I found that really annoying, but felt I couldn't do anything.
Then our Bishop, God bless him, required every parish in the Diocese to put their tabernacle back at the East wall, right behind the Altar of Sacrifice.
NOW what I'm noticing is that the priest celebrating Mass, facing west (facing the congregation) ALWAYS has his back to the Tabernacle. Hmmm....
I guess this is not news: for years, everybody else has been noticing that, if their Tabernacle and Sanctuary Lamp were directly behind the priest.
But it just heightens my sense of displacement: the priest should be facing the same direction we are facing, that is, facing the altar AND the tabernacle. Otherwise, he seems like a stage-hog, a ham-actor.
Those are just my feelings. I'm not a liturgist. But the physical layout does have its significance, and what the layout here means to me is: "That guy, the priest, thinks he's the star."
No, you ain't, faddah.
Our Archbishop has had every priest put a crucifix on the altar so that they can remember what’s going on. Some are free-standing, but some local vicariate priest have chosen to put the crucifix flat on the altar.

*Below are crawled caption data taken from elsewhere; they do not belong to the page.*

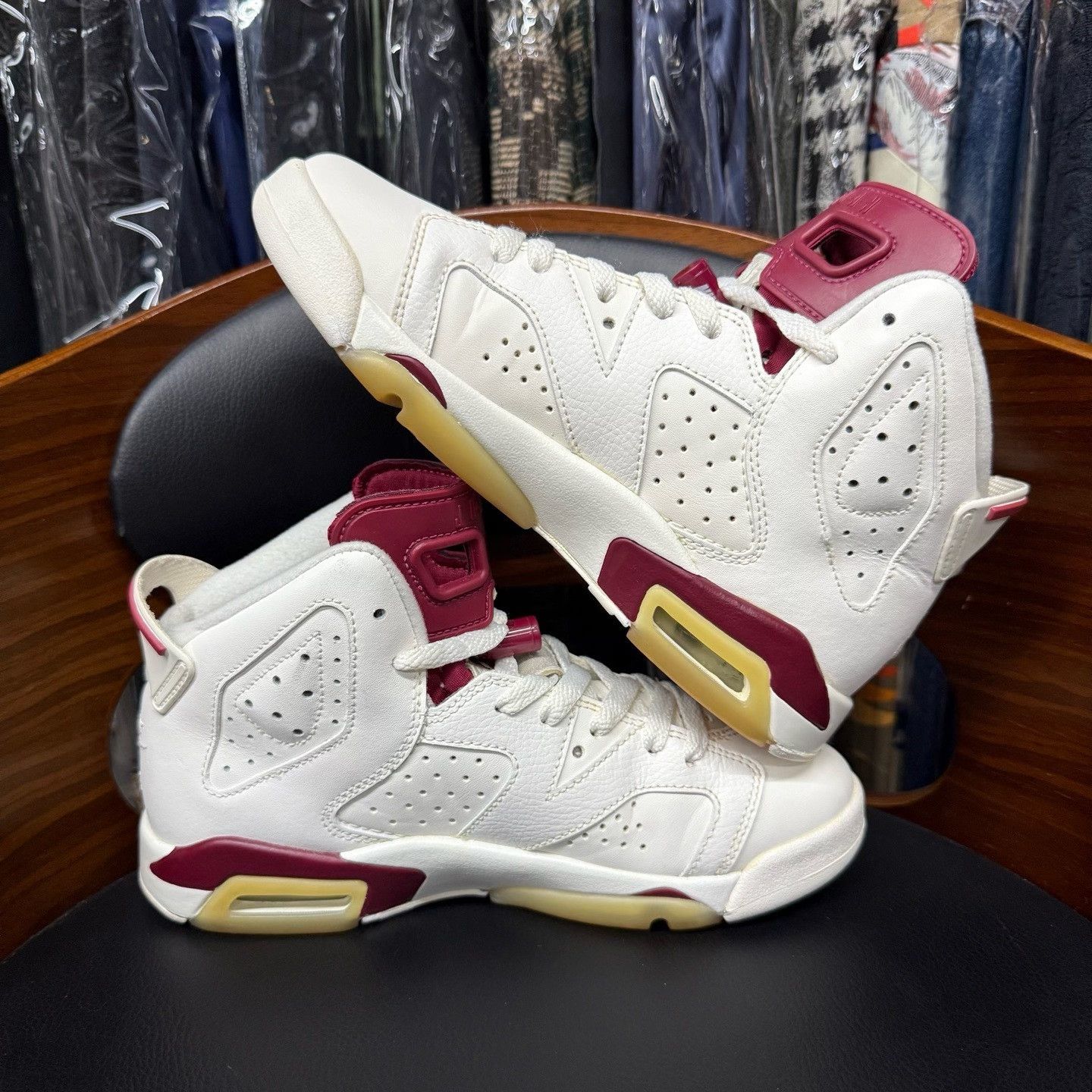 Nike Nike AJ6 Red Lowtop Sneakers 37 Men Size US 5 / EU 37 - 7 Thumbnail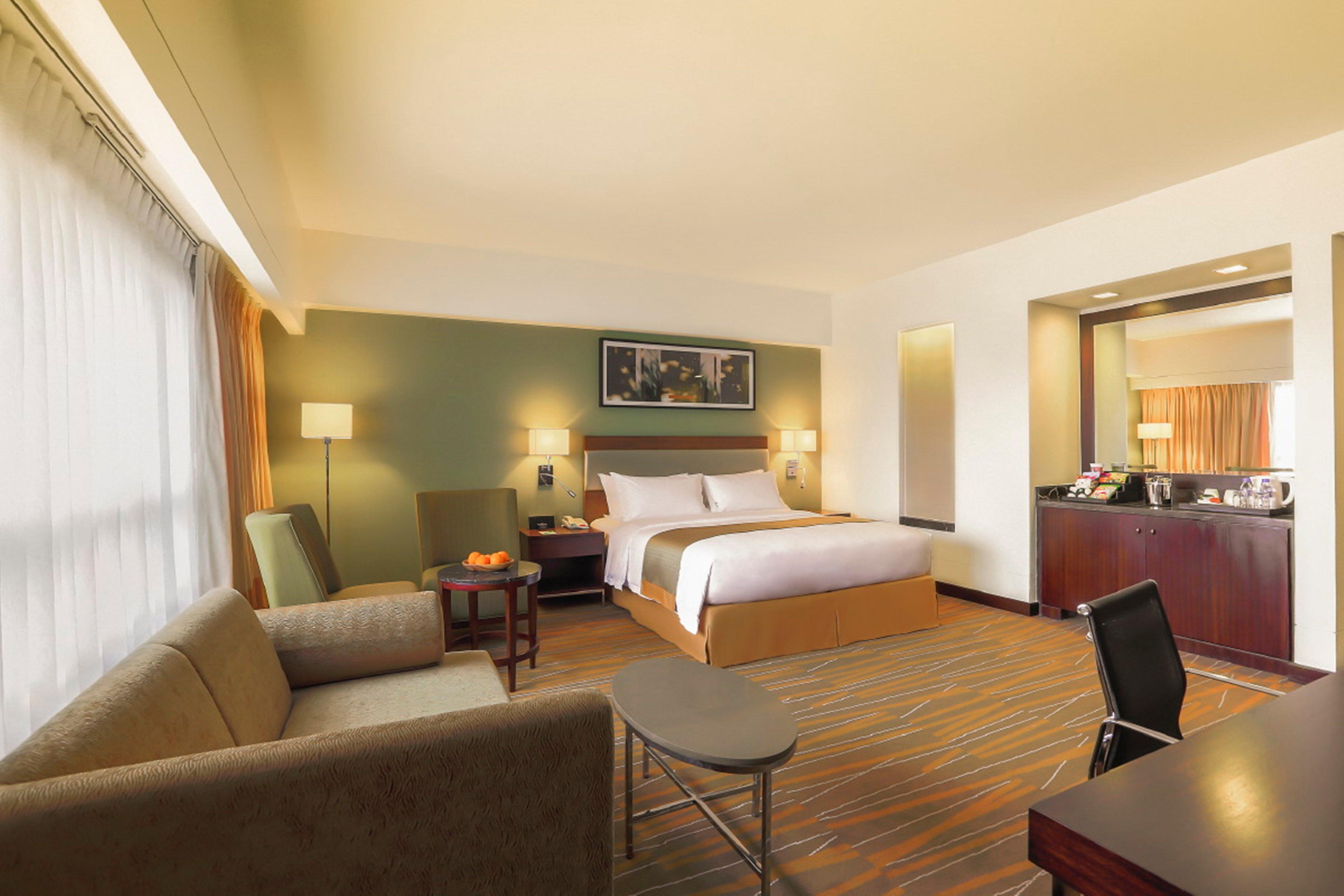 Holiday Inn & Suites Makati By Ihg Μακάτι Εξωτερικό φωτογραφία Suite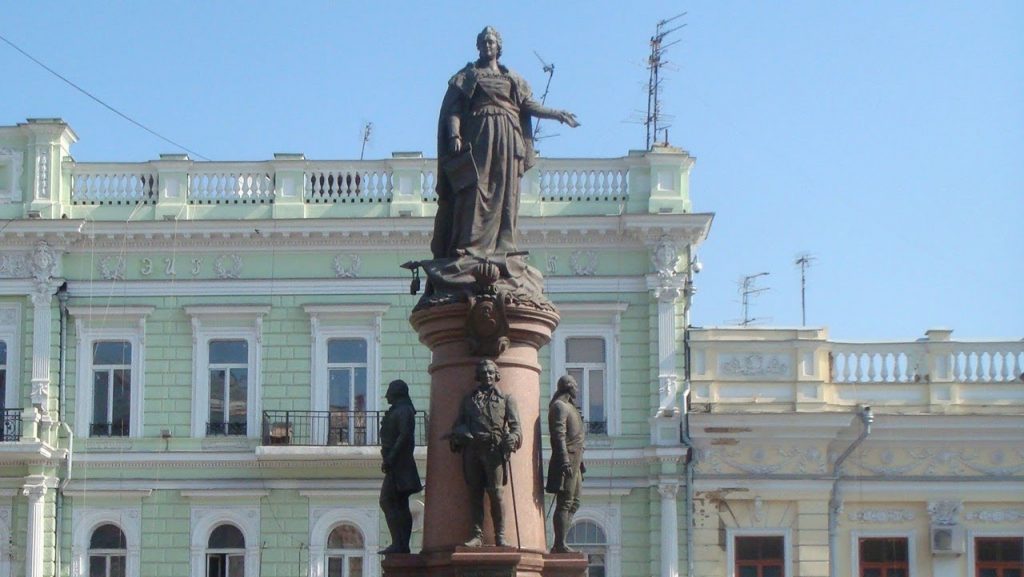 Памятник Екатерине II вроде не тронут: Мэр Одессы благодарит суд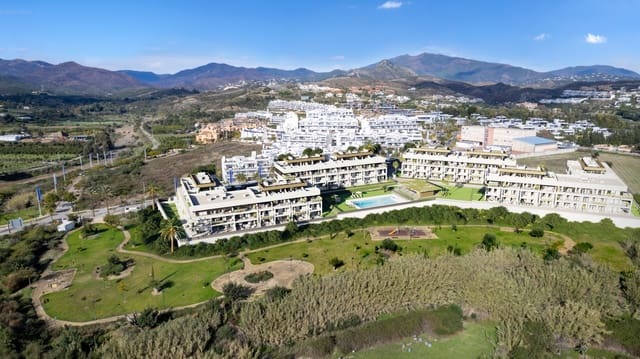 2 Zimmer Apartment zu verkaufen in Cancelada, Estepona mit Pool Garage - 299.200 € (Ref: 10002149)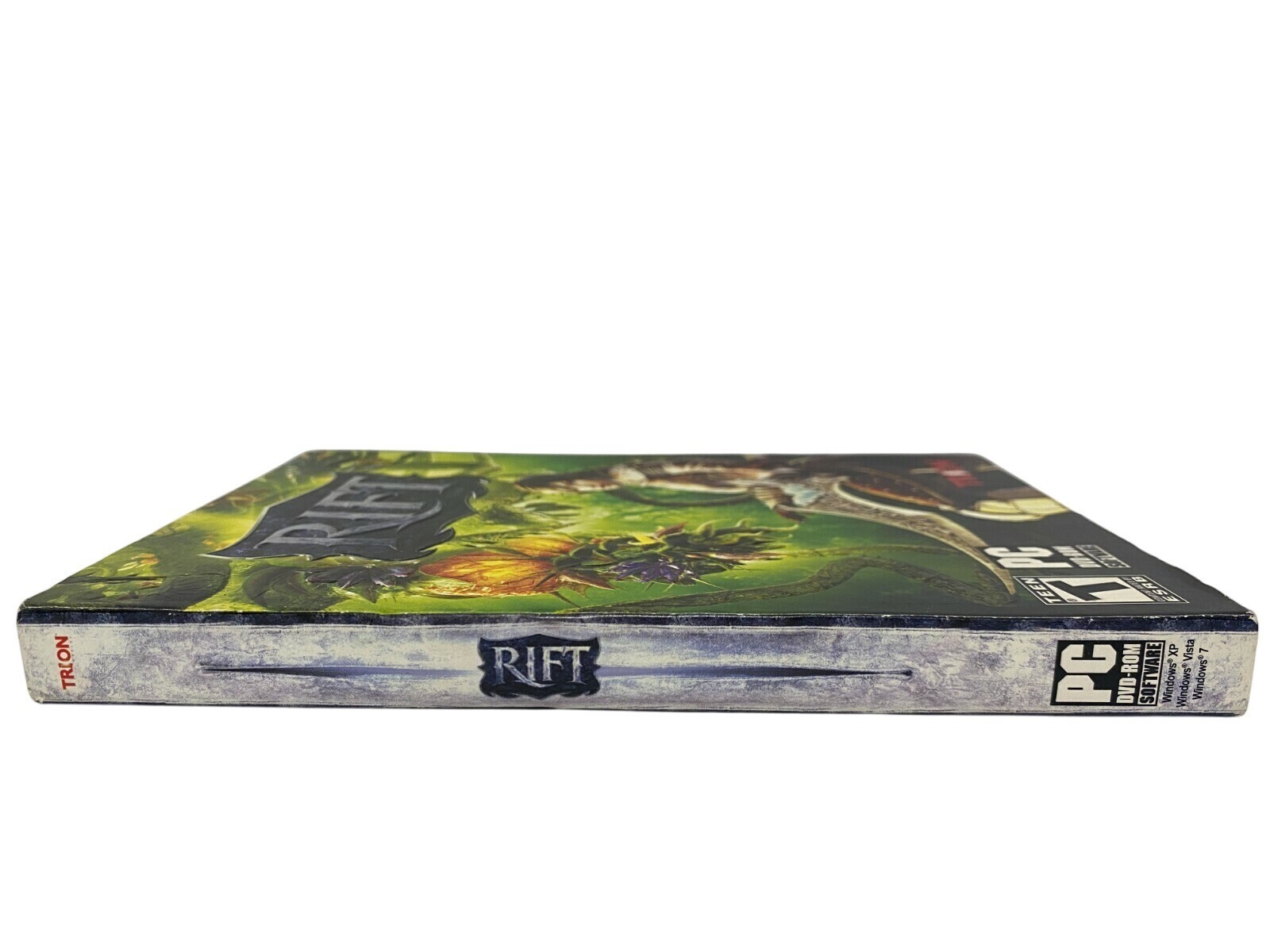 RIFT PC Video Game DVD-ROM Trion Worlds 2011 with Manual and Map Poster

Of course, we can all see the crucifix, for that was another of his requests — crucifix in the center and tabernacle in the center.
I do think that some of the good Bishops/Archbishops are headed back to facing the tabernacle, but it is a step by step process.
We have also started kneel after the Agnus Dei, Lamb of God, and it seems to add a degree of reverence that wasn’t there before. (I know that many dioceses already were doing this, and that we are just catching up with the norm, here.)